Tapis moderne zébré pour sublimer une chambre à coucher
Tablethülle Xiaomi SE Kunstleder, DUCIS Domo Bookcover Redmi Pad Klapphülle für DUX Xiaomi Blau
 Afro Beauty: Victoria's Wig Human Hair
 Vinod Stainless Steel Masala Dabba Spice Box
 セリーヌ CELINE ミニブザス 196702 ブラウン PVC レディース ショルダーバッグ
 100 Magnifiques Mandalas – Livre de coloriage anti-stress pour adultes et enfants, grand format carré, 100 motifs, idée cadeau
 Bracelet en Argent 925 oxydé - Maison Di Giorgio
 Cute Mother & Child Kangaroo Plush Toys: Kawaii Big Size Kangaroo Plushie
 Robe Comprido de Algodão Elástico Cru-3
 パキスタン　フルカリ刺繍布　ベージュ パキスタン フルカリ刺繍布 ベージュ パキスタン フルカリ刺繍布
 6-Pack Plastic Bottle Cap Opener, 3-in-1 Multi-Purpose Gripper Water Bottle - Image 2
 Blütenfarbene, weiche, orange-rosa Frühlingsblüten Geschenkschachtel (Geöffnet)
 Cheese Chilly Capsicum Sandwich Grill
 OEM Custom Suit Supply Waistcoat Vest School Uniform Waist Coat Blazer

- [ACTION ITEM]: Copy, character for character, the lines from the line that holds "Cheese Chilly Capsicum Sandwich Grill" through the final line of the records above.

- [OUTPUT OF THE EXERCISE]:
 Cheese Chilly Capsicum Sandwich Grill
 OEM Custom Suit Supply Waistcoat Vest School Uniform Waist Coat Blazer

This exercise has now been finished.